## AVAILABLE RECORDS
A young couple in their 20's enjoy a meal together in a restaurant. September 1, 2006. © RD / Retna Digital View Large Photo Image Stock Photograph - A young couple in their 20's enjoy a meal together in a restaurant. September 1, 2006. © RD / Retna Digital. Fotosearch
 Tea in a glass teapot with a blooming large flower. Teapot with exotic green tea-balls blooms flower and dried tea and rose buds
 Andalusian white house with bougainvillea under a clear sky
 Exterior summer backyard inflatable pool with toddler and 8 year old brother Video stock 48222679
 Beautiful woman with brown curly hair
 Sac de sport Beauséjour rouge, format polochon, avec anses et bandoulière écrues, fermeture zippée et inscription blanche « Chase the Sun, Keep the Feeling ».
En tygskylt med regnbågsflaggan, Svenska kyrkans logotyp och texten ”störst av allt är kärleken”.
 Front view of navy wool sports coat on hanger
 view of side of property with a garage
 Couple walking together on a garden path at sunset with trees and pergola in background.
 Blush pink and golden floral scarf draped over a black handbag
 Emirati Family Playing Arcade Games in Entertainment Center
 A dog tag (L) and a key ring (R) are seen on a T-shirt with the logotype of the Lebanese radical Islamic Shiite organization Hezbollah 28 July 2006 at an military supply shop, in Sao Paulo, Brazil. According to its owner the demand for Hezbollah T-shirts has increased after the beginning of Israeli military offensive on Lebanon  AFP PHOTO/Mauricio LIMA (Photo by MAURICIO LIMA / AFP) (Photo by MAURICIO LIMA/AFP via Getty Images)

## YOUR GOAL
Transcribe verbatim. Cover the lines from the first line of the entries above to the line containing "Emirati Family Playing", inclusive.

## ANSWER SECTION
A young couple in their 20's enjoy a meal together in a restaurant. September 1, 2006. © RD / Retna Digital View Large Photo Image Stock Photograph - A young couple in their 20's enjoy a meal together in a restaurant. September 1, 2006. © RD / Retna Digital. Fotosearch
 Tea in a glass teapot with a blooming large flower. Teapot with exotic green tea-balls blooms flower and dried tea and rose buds
 Andalusian white house with bougainvillea under a clear sky
 Exterior summer backyard inflatable pool with toddler and 8 year old brother Video stock 48222679
 Beautiful woman with brown curly hair
 Sac de sport Beauséjour rouge, format polochon, avec anses et bandoulière écrues, fermeture zippée et inscription blanche « Chase the Sun, Keep the Feeling ».
En tygskylt med regnbågsflaggan, Svenska kyrkans logotyp och texten ”störst av allt är kärleken”.
 Front view of navy wool sports coat on hanger
 view of side of property with a garage
 Couple walking together on a garden path at sunset with trees and pergola in background.
 Blush pink and golden floral scarf draped over a black handbag
 Emirati Family Playing Arcade Games in Entertainment Center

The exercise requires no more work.